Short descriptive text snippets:

*** Block opens ***

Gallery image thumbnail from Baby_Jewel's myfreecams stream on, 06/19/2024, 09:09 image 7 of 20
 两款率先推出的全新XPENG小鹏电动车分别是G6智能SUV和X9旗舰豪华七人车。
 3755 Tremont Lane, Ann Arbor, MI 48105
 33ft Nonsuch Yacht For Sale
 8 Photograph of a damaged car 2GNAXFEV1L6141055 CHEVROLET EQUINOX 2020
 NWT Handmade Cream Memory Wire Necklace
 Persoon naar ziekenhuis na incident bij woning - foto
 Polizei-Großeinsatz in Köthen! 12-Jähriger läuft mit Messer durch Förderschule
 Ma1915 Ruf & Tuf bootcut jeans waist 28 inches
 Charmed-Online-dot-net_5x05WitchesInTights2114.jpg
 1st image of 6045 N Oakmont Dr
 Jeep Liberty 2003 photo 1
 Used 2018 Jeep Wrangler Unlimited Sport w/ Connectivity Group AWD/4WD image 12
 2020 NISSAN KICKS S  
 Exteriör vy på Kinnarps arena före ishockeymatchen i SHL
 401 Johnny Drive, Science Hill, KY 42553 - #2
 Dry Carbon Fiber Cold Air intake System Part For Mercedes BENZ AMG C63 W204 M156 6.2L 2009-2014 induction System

*** Block closes ***

Reproduce exactly the line bearing "401 Johnny Drive, Science" and all the lines that come after it in the records above; add nothing.

 401 Johnny Drive, Science Hill, KY 42553 - #2
 Dry Carbon Fiber Cold Air intake System Part For Mercedes BENZ AMG C63 W204 M156 6.2L 2009-2014 induction System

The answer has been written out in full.